----- Given records -----

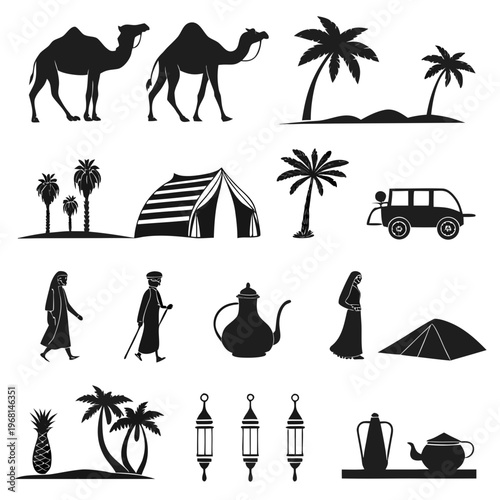 Desert Culture and Arabian Travel Icon Set with Camel Silhouettes, Palm Trees, Bedouin Tents, and Arabic Lanterns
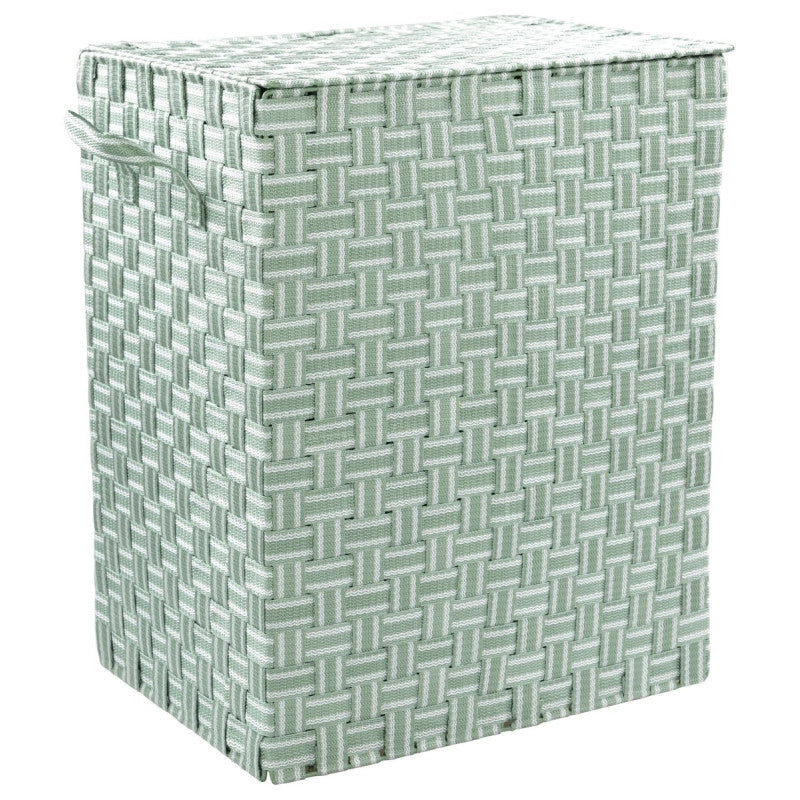 Set di 6 Porta Biancheria Twist Pieghevole Rett In Pp Intrecciato Verde 40x30x50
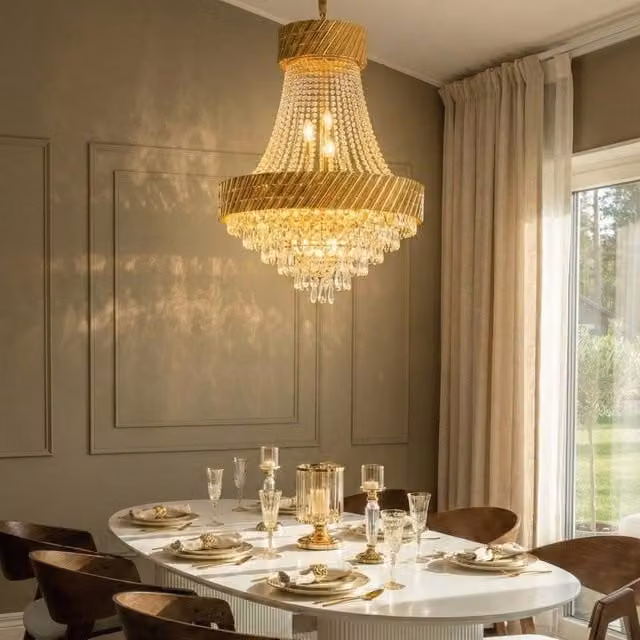 Wyld and Coco Gold Metal and Crystal Suspended Chandelier – 1
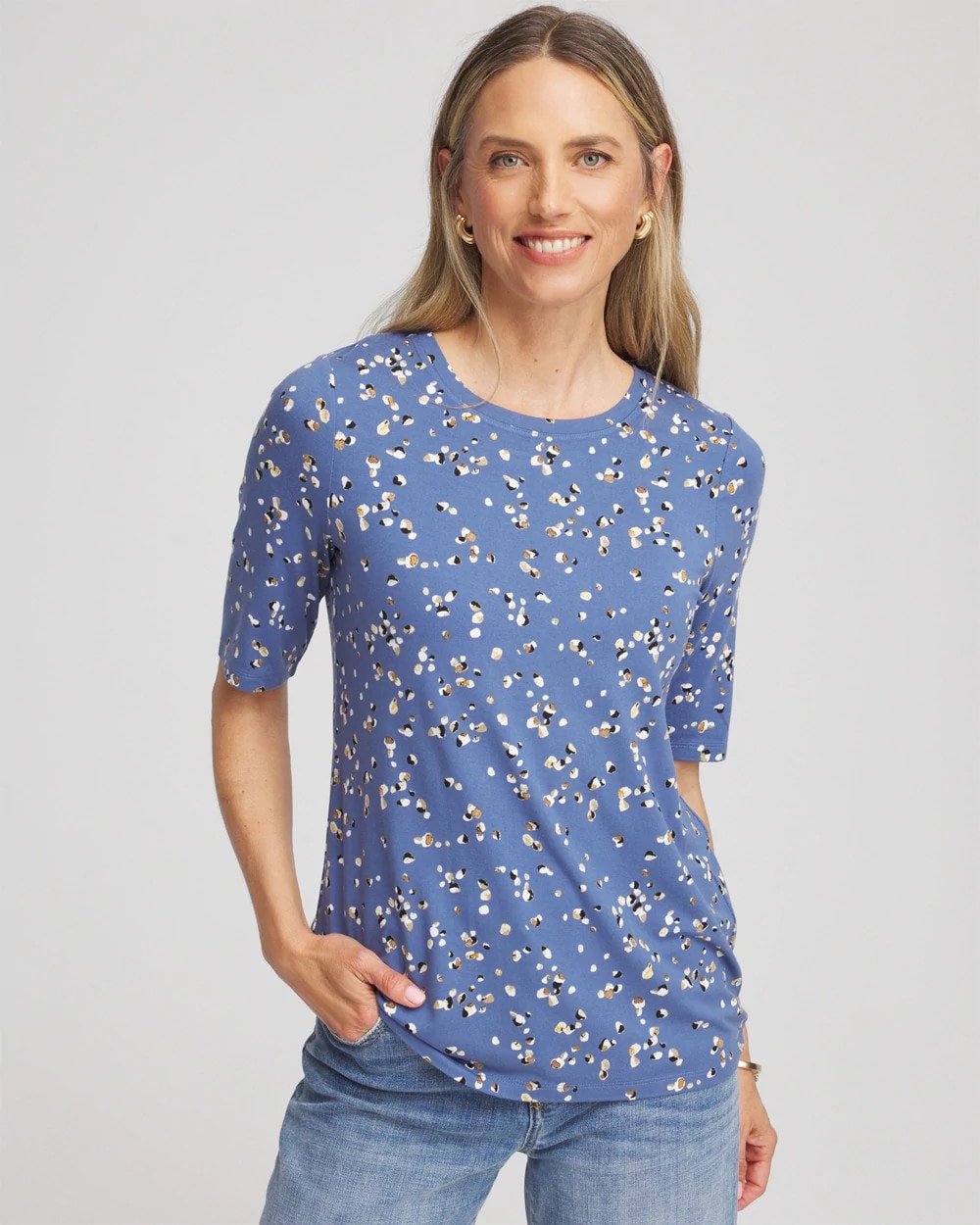 Printed Elbow Sleeve Tee - Chico's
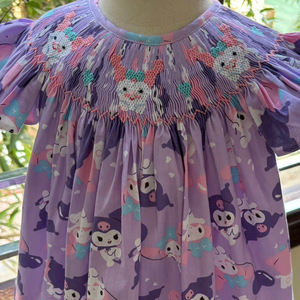 Vestido de Algodón para Niñas con Estampado de Conejo Morado, Estilo Boutique, Bordado a Mano, Mangas con Volantes - Product Image 6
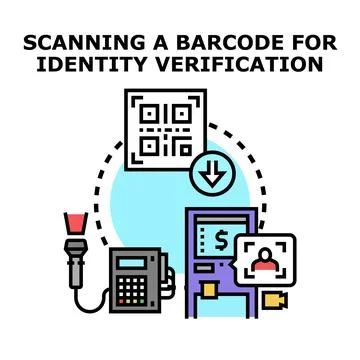Barcode scanning for identity verification and digital payment Illustration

-----

§ **Task goal**
Would you transcribe the listing above line by line, exactly, leaving every picture out?

§ **Your response**
 Desert Culture and Arabian Travel Icon Set with Camel Silhouettes, Palm Trees, Bedouin Tents, and Arabic Lanterns
 Set di 6 Porta Biancheria Twist Pieghevole Rett In Pp Intrecciato Verde 40x30x50
 Wyld and Coco Gold Metal and Crystal Suspended Chandelier – 1
 Printed Elbow Sleeve Tee - Chico's
 Vestido de Algodón para Niñas con Estampado de Conejo Morado, Estilo Boutique, Bordado a Mano, Mangas con Volantes - Product Image 6
Barcode scanning for identity verification and digital payment Illustration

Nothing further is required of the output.